**Instructions to follow**
Starting at the line that contains "Ford Fusion Uyumlu", transcribe every remaining line of the data below exactly, and omit all pictures.

**Raw data**
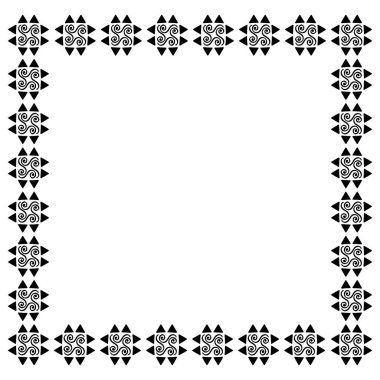 Dekoratif kare süslemesiz kenar, çerçeve beyaz üzerine izole.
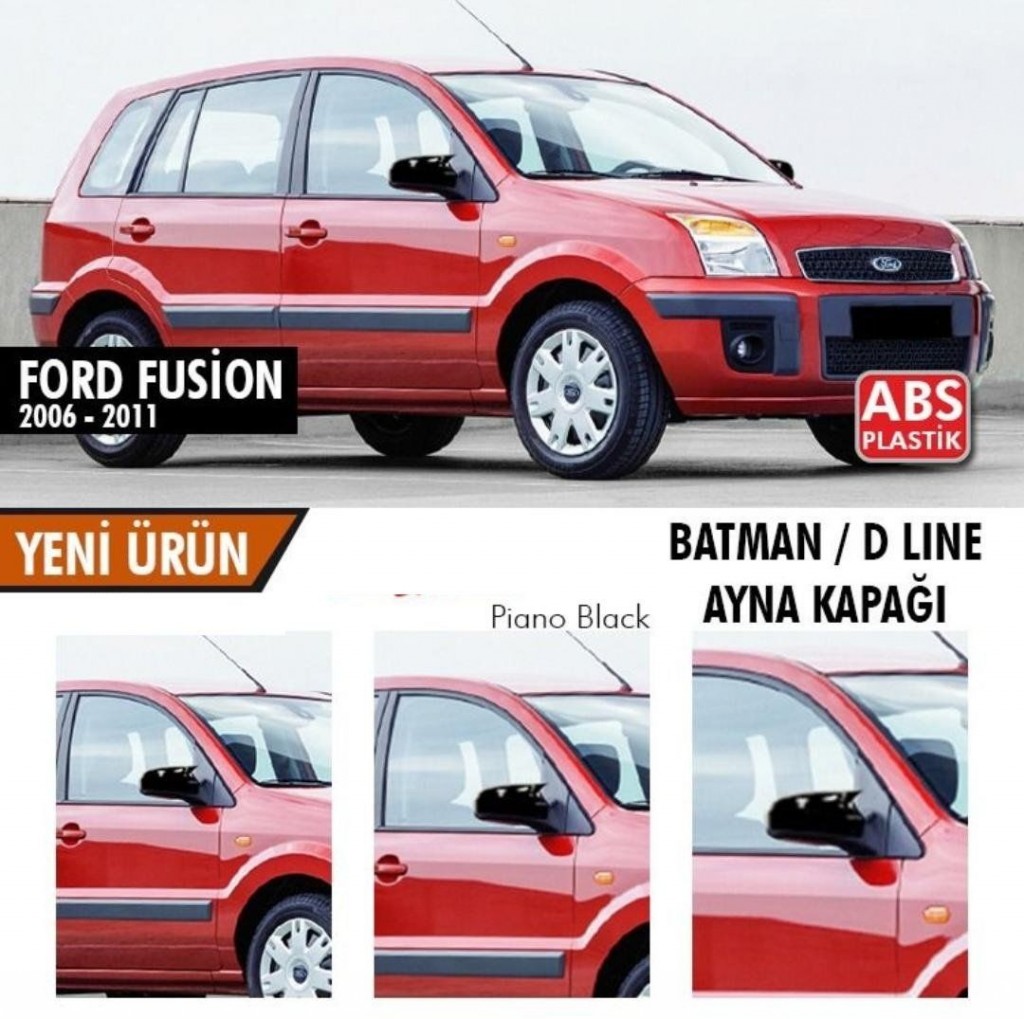 Ford Fusion Uyumlu (2006-2011) Batman Yarasa Ayna Kapağı (Parlak Siyah)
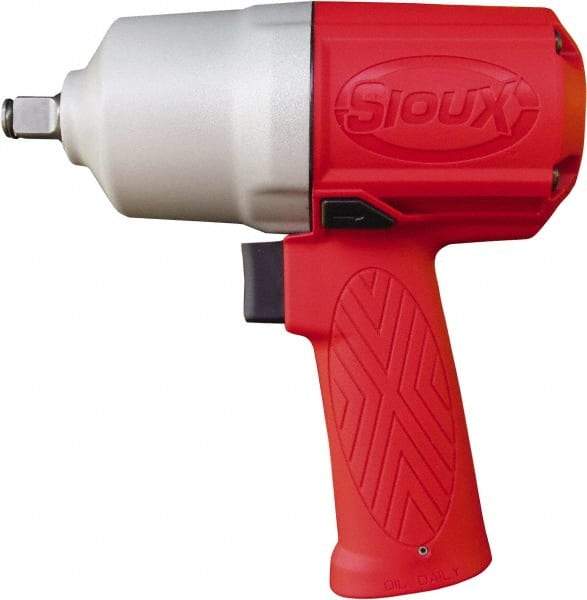 Sioux Tools - 1/2" Drive, 11,000 RPM, 780 Ft/Lb Torque Impact Wrench - Pistol Grip Handle, 1,250 IPM, 4 CFM, 90 psi, 1/4" Inlet - Benchmark Tooling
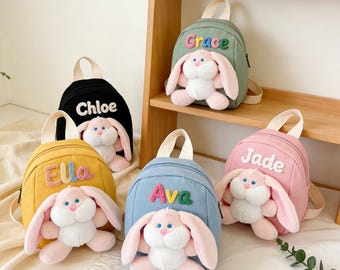 Personalized Bunny Toddler Backpack, Custom Name Preschool Bag, Kids Gift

**Response below**
 Ford Fusion Uyumlu (2006-2011) Batman Yarasa Ayna Kapağı (Parlak Siyah)
 Sioux Tools - 1/2" Drive, 11,000 RPM, 780 Ft/Lb Torque Impact Wrench - Pistol Grip Handle, 1,250 IPM, 4 CFM, 90 psi, 1/4" Inlet - Benchmark Tooling
 Personalized Bunny Toddler Backpack, Custom Name Preschool Bag, Kids Gift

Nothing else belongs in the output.